= Madeleine Lemeine =

French stage actress

Madeleine Lemeine, stage name Mademoiselle Beaupré (c. 1598 - 1655), was a French stage actress.

She was the daughter of a merchant from Chatres-sous-Montlhery in the Ile-de-France. In 1623, she married the actor Nicolas Lion, stage name Beaupré: at the time of her marriage she was described as majeure, that is of legal age, and therefore over the age of 25. Her spouse was active in the provinces while she performed in Paris. In 1644 it was noted that she was “separee de biens avec lui”, that is legally separated.

She was engaged in the Grands Comediens (Comédiens du Roi) at the Hôtel de Bourgogne, which was opened in 1628. In 1632, she and five other actresses of the theatre are identified. Other actresses of the theater were Mlle Valliot, Mlle Bellerose, Mlle Le Noir and Mlle Beauchateau.

Mlle Beaupre and Mlle Valliot are described as the two principal star actresses of the theatre. The repertoire of the theatre are documented and clearly show that roles for women are provided for in the plays, but it is not confirmed which actor played which role. They appear to have been known for farce and breeches roles. They are known to have played the two major roles as the wives of Gaultier and Boniface in the farce La Comedie des comediens by Gougenot.

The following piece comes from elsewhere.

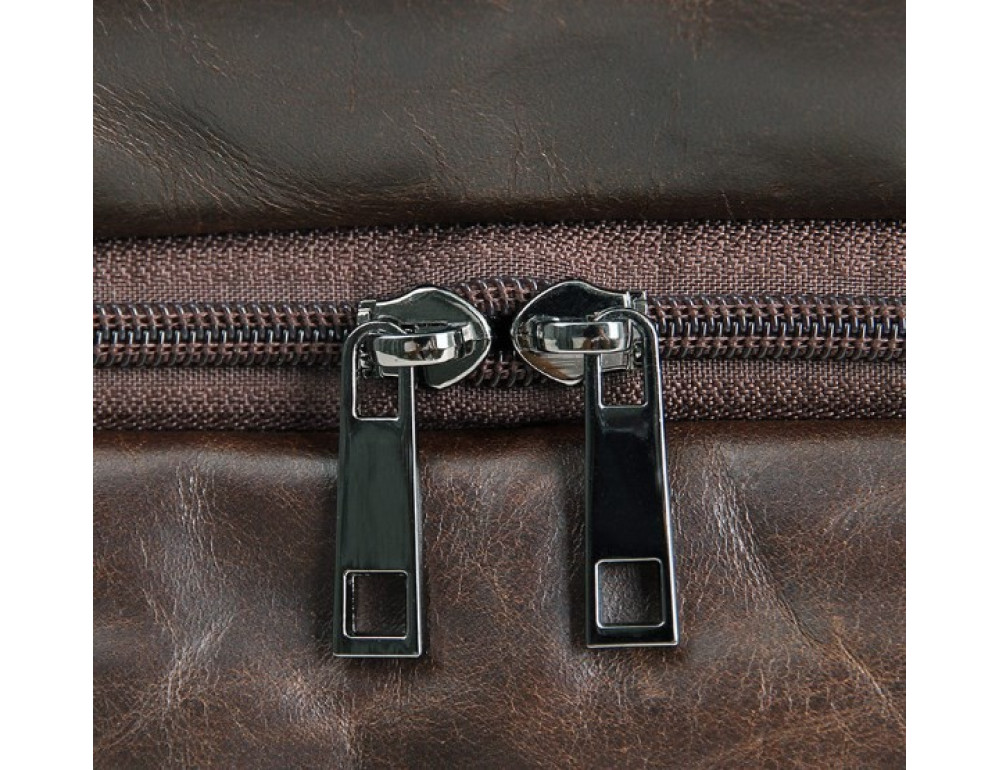 Шкіряна сумка  TIDING BAG 7093C темно-коричнева - Фотографія № 7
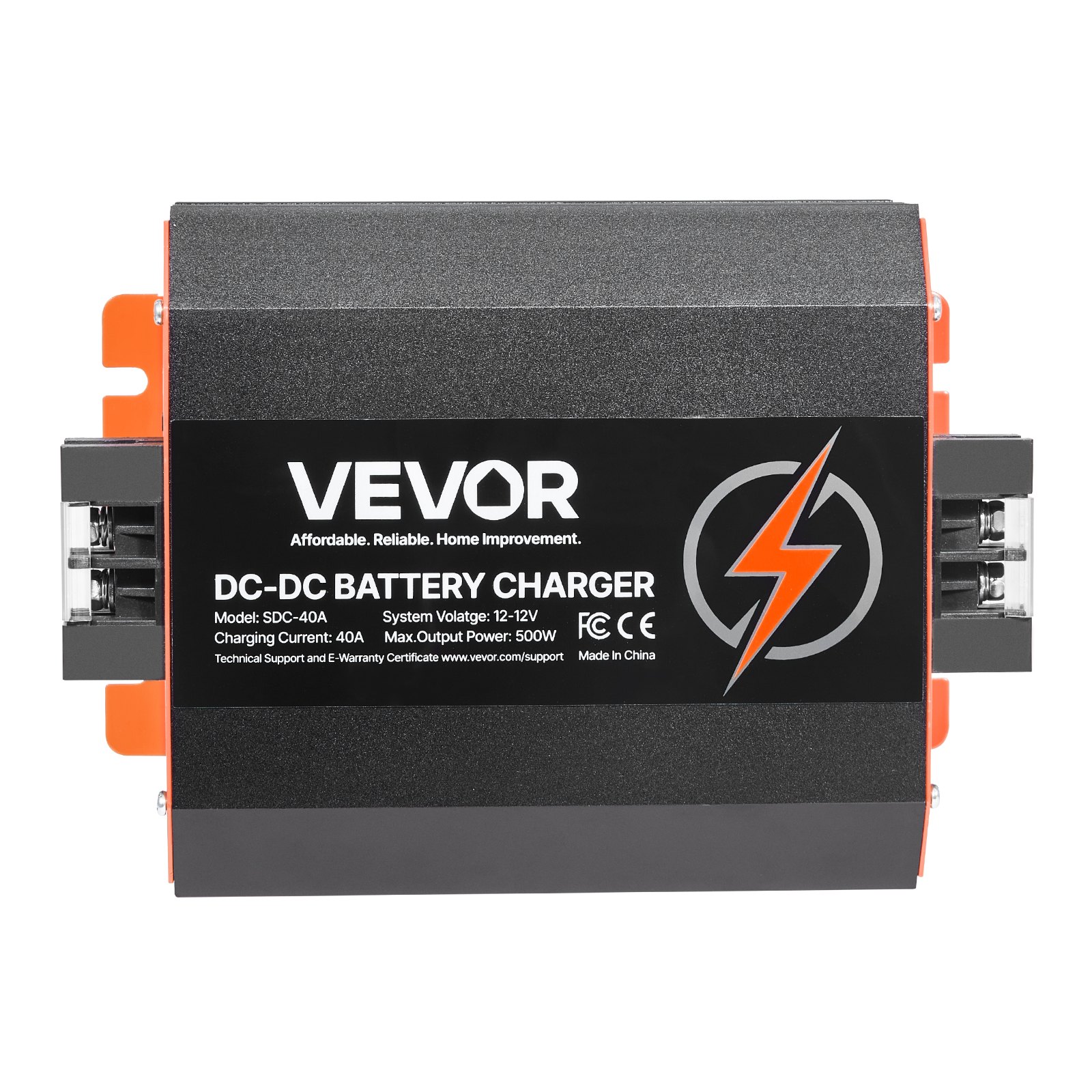 VEVOR Ładowarka akumulatorów DC/DC 12 V 40 A, 500 W do akumulatorów kwasowo-ołowiowych, litowych, AGM, żelowych i mokrych, inteligentne ładowanie wieloetapowe, do pojazdów kempingowych, pojazdów użytkowych, łodzi i jachtów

Mlle Beaupre is noted in an incident from 1649 described by Tallemant. According to Tallemant, Mlle Beaupre performed at the Théâtre du Marais when she came in to conflict with a young actress:
“‘I can see, Mademoiselle,’ said Mlle Beaupre´, ‘that you want to see me sword in hand.’ And so saying, she went to fetch two blunted swords. The girl took one, thinking it was a joke. Mlle Beaupre´, angry, wounded her in the neck and would have killed her.”

She was apparently wealthy, as she is noted to have loaned 10,333 livres, 8 sous to the owners of the Marais in 1647.